Start of Records
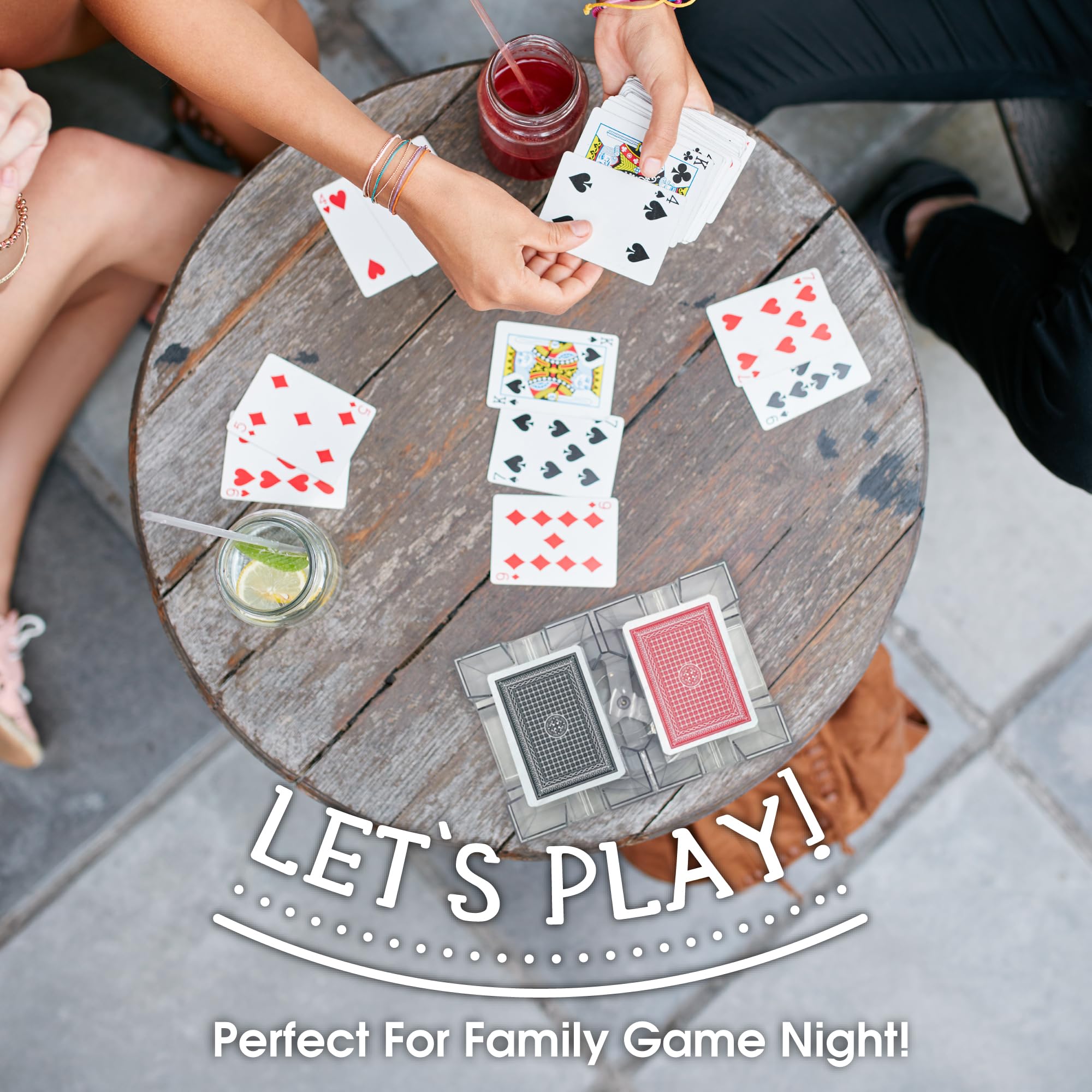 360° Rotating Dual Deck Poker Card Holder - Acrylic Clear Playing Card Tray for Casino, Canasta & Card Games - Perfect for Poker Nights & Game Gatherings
End of Records
Start of Records
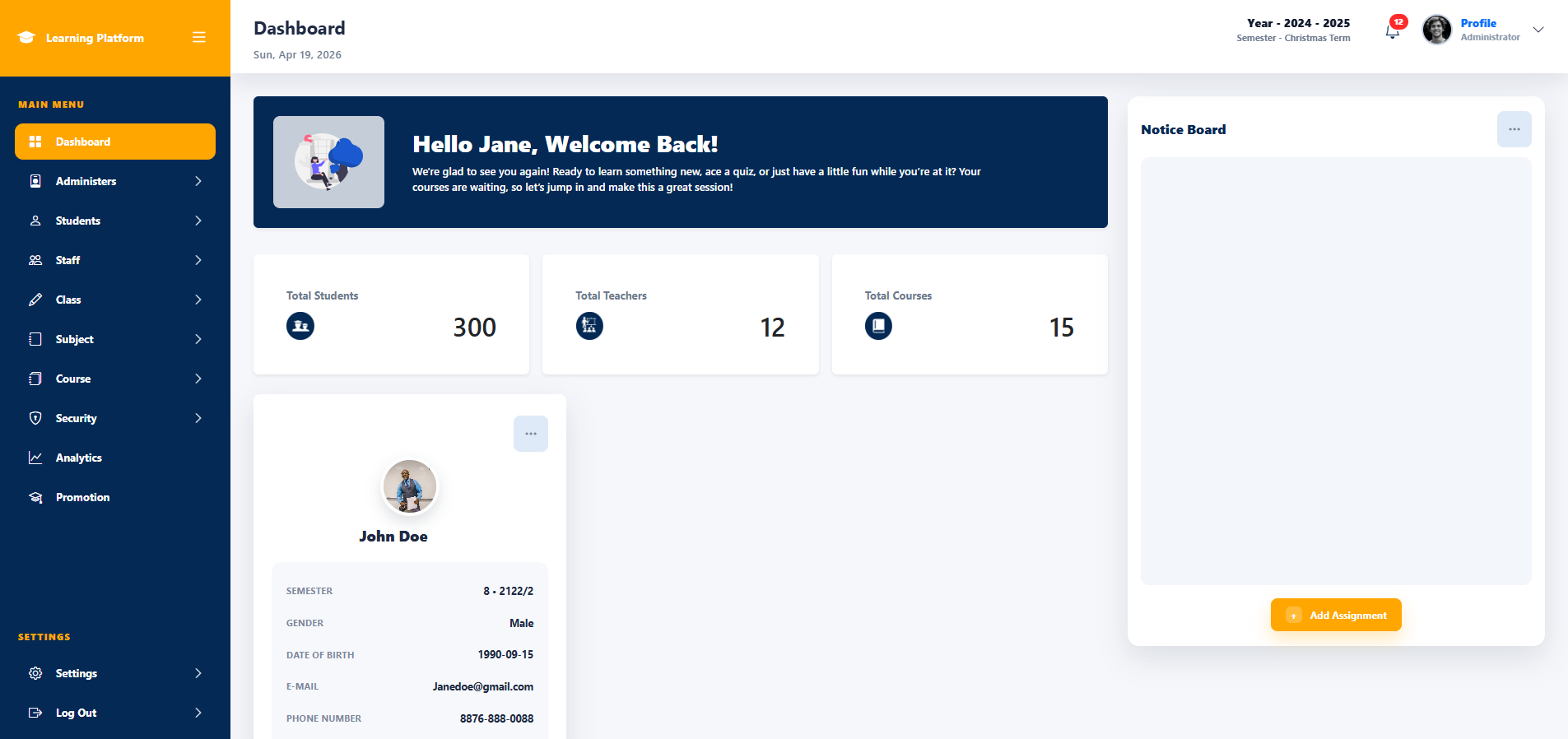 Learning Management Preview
End of Records
Start of Records
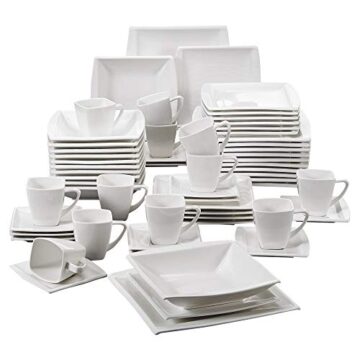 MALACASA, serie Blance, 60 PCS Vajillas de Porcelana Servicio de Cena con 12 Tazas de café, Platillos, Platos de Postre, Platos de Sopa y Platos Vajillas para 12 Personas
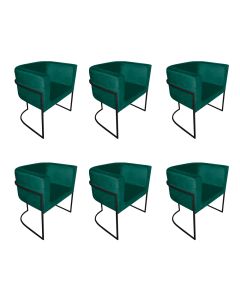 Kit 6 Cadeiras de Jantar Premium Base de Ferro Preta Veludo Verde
End of Records
◆ Exercise directions: What is wanted is an exact copy of the lines above from the one containing "MALACASA, serie Blance, 60" through the one containing "Kit 6 Cadeiras", with no pictures in it.

◆ Worked solution:
 MALACASA, serie Blance, 60 PCS Vajillas de Porcelana Servicio de Cena con 12 Tazas de café, Platillos, Platos de Postre, Platos de Sopa y Platos Vajillas para 12 Personas
 Kit 6 Cadeiras de Jantar Premium Base de Ferro Preta Veludo Verde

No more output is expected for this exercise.